Antibodies against Pvf1, FoxO, and LysC were used at a dilution of 1:200. Akt antibodies (WL01652; Wanleibio, Liaoning, China) and β-actin antibodies were used at a 1:1,000 dilution. Akt-p antibodies (AP0637, ABclonal, Wuhan, China) were used at a dilution of 1:2,000. Histone H3 antibodies (17168-AP-1; ProteinTech, Rosemont, IL, USA), His-tag antibodies (TA-02; Zhongshan Biotech, Beijing, China), horseradish peroxidase (HRP)-conjugated goat anti-rabbit antibodies (ZB-2301; Zhongshan Biotech) and HRP-conjugated goat anti-mouse antibodies (ZB-2305; Zhongshan Biotech) were used at a 1:5,000 dilution. All antibodies were diluted in 5% skimmed milk.
Yeast two-hybrid (Y2H) assay
Y2H assay was conducted to ascertain the protein interactions between Pvf1 and Pvr4 using the Matchmaker Gold Yeast Two-Hybrid System (630495, Clontech, Mountain View, CA, USA). The cDNA of the Pvf1 mature peptide and the Pvr4 extracellular domain gene fragment were cloned into pGADT7 prey and pGBKT7 bait vectors, respectively. The corresponding primers are listed in S1 Table. The recombinant vectors encoding bait and prey proteins were co-transformed into Y2H gold-competent cells. Transformants exhibiting positive results were selected using DDO (Leu-, Trp-) medium and subsequently transferred to selective QDO (Ade-, His-, Leu-, Trp-, with or without X-gal) medium. This interaction was identified by the emergence of blue colonies in the selective medium.
Pull-down assay
A pull-down assay was performed to ascertain the interaction between Pvf1 and Pvr4. The recombinant GST-Pvf1 and His-Pvr4 proteins were expressed and purified according to the following established protocols for protein recombinant expression. The recombinant GST-Pvf1 or GST-tagged control proteins (as bait) were individually mixed with His-Pvr4 in binding buffer, with each protein used at 100 μg. After incubation at 4 °C for six hours with gentle rotation, 100 μL of GST resin (C600031; BBI, Shanghai, China) was added to the mixture, which was subsequently incubated at 4 °C for 45 min.

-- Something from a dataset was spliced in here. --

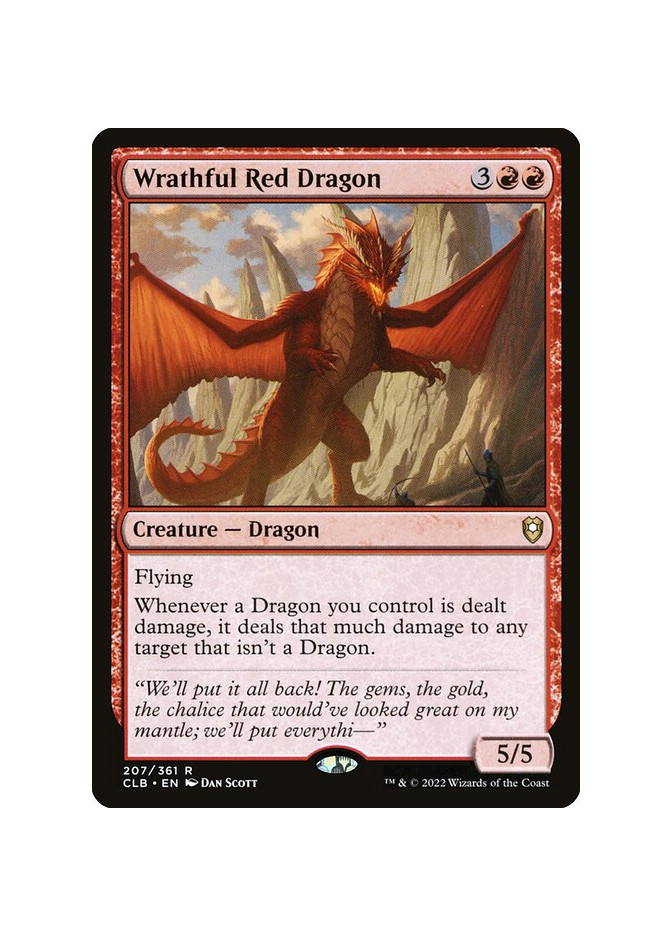 Wrathful Red Dragon - Foil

Next, the mixture was centrifuged at 600 × g for 2 min to pellet the resin, and the supernatant was discarded. The resin was resuspended in PBS and centrifugated at 600 × g for 2 min to remove any residual unbound proteins. After six washes, 50 μL of elution buffer was added to the resin to elute the interacting proteins. Protein-protein interactions in the eluate were detected using SDS-PAGE and Coomassie Brilliant Blue staining.

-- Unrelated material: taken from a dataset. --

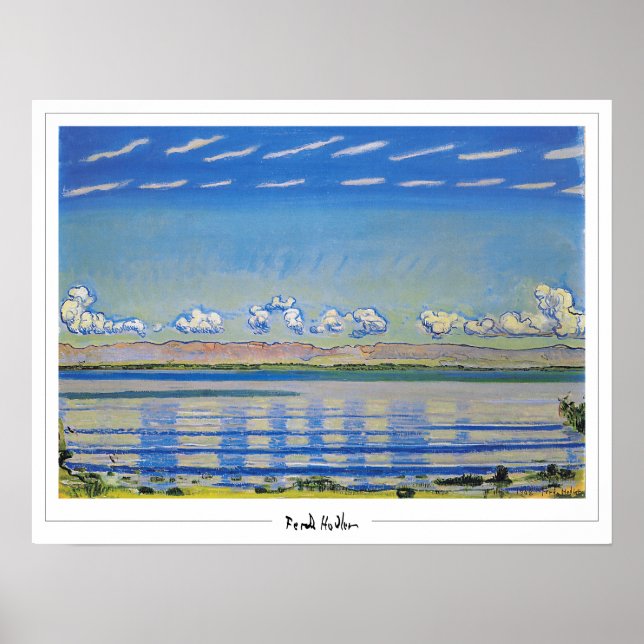 Ferdinand Hodler Zedign Art Poster #124 (Front)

Immunocytochemical analysis
An immunocytochemical assay was conducted to determine the subcellular localization of FoxO. Hemolymph was extracted using a cold anticoagulant containing 4% paraformaldehyde, which was then fixed for 10 min. The sample was then centrifuged at 800 × g for 8 min at 4 °C and the resulting hemocytes were collected. The hemocytes were then washed with PBS and distributed onto glass slides coated with poly-L-lysine. The slides were then washed three consecutive times with PBS. Subsequently, 0.2% Triton X-100 diluted in PBS was added to the slides and incubated for 10 min. The slides were washed thrice with PBS and blocked with 3% bovine serum albumin (BSA) in PBS at 37 °C for 1 h. FoxO antibodies (1:100 diluted in 3% BSA) were added to the slides and incubated overnight at 4 °C. Following three washes with PBS, goat anti-rabbit Alexa Fluor 488 (A23220, Abbkine, Wuhan, China; 1:1,000 diluted in 3% BSA) was added and incubated for 2 h in the dark. Nuclei were stained with 4’,6-diamidino-2-phenylindole (DAPI) (AS-83210, AnaSpec, San Jose, CA, USA) for 10 min. Subsequently, the slides were washed with PBS for observation and images were captured using a Zeiss LSM 900 confocal microscope (Zeiss, Oberkochen, Germany). The images were subsequently analyzed using ZEN software (Zeiss).
The co-localization of FoxO and nucleus was quantified using three randomly selected fields of view, with a total of more than 100 cells analyzed. Image J software was used to analyze the co-localization between DAPI (nucleus) and IgG DyLight 488 (FoxO) fluorescence signal. The number of co-localized cells was calculated. Statistics were defined as [the hemocytes of FoxO-nuclei colocalization/ all hemocytes observed] × 100%.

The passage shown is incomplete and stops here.